[EXERCISE INPUT Boundary: Start]

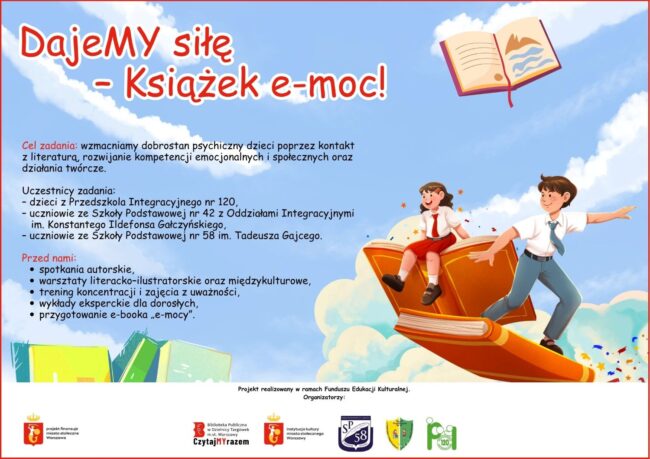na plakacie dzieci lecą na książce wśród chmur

[EXERCISE INPUT Boundary: End]
[EXERCISE INPUT Boundary: Start]

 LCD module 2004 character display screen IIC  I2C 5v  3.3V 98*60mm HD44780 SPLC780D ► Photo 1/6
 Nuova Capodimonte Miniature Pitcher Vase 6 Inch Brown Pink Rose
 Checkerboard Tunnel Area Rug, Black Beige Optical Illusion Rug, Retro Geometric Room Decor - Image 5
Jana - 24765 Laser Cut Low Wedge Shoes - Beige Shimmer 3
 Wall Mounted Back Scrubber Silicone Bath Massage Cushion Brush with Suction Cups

[EXERCISE INPUT Boundary: End]
[EXERCISE INPUT Boundary: Start]

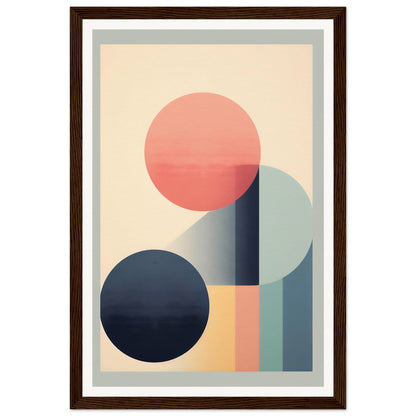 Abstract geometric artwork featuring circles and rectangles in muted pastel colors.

[EXERCISE INPUT Boundary: End]

PROBLEM: Above are the entries. Quote exactly the lines from the one bearing "Checkerboard Tunnel Area" through the one bearing "Wall Mounted Back".

EXERCISE ANSWER:
 Checkerboard Tunnel Area Rug, Black Beige Optical Illusion Rug, Retro Geometric Room Decor - Image 5
Jana - 24765 Laser Cut Low Wedge Shoes - Beige Shimmer 3
 Wall Mounted Back Scrubber Silicone Bath Massage Cushion Brush with Suction Cups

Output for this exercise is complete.